A new draft law by the Welsh government will put the responsibility on local authorities to make sure there are enough public toilets.
The campaigners are meeting a cross-party group at the Welsh assembly looking at how to address the issue.
Age Cymru's Graeme Francis said: "It's certainly a significant problem for a large number of older people."
He told BBC Radio Wales that the charity's research had shown that up to half of older people consider whether public toilets were available before they decided to go out.
"That may not stop all of those people but say it only stops a small proportion out of 600,000 older people, it's a lot of people who will feel isolated from their communities and struggle to access vital services if toilets aren't available," said Mr Francis. "We are concerned at the moment, as a lot of services are under threat, particularly those run buy local authorities, [that] toilets are one of those.

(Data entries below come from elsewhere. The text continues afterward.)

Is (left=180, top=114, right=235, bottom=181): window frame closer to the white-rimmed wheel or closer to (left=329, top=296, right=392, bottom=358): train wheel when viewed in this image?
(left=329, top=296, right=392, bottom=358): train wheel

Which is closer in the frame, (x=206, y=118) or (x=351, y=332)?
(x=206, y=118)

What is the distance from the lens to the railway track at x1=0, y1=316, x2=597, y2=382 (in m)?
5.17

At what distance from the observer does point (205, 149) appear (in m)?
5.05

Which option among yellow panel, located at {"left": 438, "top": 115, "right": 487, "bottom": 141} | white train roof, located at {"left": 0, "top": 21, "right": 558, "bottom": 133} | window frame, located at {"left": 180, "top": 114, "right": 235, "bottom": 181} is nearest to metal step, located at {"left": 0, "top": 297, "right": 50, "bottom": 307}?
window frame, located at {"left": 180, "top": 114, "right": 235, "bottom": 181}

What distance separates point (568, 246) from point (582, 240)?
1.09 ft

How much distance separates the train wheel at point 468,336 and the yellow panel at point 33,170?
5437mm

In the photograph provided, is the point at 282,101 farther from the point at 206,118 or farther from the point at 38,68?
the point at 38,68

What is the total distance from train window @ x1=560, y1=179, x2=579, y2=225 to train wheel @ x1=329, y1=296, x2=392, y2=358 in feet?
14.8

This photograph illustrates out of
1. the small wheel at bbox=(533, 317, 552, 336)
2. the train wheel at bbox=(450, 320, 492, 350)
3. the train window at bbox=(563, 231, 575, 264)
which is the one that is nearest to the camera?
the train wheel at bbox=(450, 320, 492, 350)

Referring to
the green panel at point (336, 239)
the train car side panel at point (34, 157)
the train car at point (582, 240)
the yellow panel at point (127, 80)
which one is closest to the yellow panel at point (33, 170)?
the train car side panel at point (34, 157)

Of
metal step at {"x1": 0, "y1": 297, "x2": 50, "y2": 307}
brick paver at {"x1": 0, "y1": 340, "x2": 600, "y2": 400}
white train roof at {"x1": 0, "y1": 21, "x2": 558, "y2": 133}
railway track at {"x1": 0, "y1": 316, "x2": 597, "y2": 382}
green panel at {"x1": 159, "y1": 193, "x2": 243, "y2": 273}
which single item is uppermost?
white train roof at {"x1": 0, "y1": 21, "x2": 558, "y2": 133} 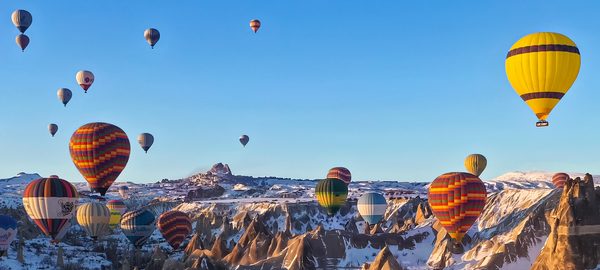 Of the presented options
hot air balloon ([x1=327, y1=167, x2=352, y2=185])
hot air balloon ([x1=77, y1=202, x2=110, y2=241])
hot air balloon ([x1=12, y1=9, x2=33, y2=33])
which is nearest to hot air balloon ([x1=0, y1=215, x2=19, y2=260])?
hot air balloon ([x1=77, y1=202, x2=110, y2=241])

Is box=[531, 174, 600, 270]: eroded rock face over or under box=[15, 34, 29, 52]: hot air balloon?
under

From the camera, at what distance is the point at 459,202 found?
218 ft

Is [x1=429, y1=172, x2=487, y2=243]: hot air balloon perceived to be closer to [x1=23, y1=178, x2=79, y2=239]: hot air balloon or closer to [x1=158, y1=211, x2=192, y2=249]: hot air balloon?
[x1=23, y1=178, x2=79, y2=239]: hot air balloon

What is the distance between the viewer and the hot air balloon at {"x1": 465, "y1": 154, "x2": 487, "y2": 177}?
104125 millimetres

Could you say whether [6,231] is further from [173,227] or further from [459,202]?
[459,202]

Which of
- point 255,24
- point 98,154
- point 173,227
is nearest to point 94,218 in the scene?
point 173,227

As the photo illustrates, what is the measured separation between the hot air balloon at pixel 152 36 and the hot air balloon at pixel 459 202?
139ft

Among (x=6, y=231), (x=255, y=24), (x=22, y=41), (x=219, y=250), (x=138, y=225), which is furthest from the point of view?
(x=255, y=24)

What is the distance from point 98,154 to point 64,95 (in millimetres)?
36194

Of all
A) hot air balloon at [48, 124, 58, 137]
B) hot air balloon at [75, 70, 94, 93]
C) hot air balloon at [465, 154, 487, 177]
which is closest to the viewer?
hot air balloon at [75, 70, 94, 93]

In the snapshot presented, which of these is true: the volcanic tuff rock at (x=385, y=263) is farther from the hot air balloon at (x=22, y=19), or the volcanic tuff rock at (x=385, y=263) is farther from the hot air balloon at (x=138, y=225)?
the hot air balloon at (x=22, y=19)

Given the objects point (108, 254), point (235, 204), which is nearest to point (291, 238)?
point (108, 254)

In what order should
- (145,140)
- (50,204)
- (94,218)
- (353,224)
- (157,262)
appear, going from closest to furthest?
(50,204) → (157,262) → (94,218) → (145,140) → (353,224)

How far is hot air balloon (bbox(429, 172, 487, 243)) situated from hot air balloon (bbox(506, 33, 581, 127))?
18.4 meters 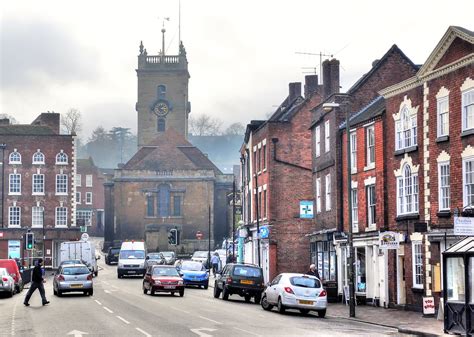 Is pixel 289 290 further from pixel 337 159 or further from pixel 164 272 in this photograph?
pixel 337 159

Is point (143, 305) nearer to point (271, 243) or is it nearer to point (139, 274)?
point (271, 243)

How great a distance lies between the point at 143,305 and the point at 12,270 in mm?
15241

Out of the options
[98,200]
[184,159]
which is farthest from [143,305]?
[98,200]

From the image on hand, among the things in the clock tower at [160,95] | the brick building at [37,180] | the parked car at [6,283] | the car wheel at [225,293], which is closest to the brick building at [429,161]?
the car wheel at [225,293]

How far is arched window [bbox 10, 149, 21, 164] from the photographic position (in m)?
90.8

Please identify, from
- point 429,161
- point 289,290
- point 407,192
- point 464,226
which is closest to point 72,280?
point 289,290

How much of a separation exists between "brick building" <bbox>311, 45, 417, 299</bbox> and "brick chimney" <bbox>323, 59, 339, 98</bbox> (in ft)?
17.0

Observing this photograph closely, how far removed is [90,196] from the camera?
148 m

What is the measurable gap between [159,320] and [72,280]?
51.2 feet

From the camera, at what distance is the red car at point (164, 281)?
4366 centimetres

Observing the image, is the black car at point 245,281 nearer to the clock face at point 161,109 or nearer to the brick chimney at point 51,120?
the brick chimney at point 51,120

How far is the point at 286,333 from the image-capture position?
2425 centimetres

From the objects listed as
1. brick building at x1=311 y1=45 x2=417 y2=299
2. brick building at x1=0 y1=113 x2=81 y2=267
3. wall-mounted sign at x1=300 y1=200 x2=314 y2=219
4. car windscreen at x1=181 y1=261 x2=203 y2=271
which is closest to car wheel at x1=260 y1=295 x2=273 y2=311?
brick building at x1=311 y1=45 x2=417 y2=299

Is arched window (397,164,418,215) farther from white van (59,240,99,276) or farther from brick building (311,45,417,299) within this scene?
white van (59,240,99,276) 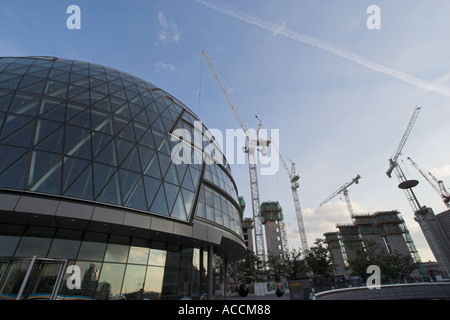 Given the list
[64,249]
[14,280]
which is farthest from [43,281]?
[64,249]

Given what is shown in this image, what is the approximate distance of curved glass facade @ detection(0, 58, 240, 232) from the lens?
13914mm

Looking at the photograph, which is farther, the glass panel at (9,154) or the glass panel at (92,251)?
the glass panel at (92,251)

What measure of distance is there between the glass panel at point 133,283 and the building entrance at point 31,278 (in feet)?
13.2

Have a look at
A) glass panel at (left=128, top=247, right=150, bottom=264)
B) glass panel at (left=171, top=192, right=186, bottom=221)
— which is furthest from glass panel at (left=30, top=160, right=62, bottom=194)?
glass panel at (left=171, top=192, right=186, bottom=221)

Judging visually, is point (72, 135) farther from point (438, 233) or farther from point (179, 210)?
point (438, 233)

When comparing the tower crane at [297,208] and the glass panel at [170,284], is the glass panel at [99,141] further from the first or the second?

"We don't think toilets are generally hugely expensive to operate but they are just one of those services that local authorities provide and in very challenging times they are looking to make savings wherever they can."
Labour AM Mike Hedges, who chairs the cross-party group, said he believed that "in any civilized society" older people should have "easy access to public toilets" in their community.
He added: "A lack of public toilets leaves older people feeling isolated as they choose to stay at home, rather than meeting with friends and family out in their community."
He said the group's meeting "will give AMs the chance to discuss how we support older people in ensuring they have access to the right public services".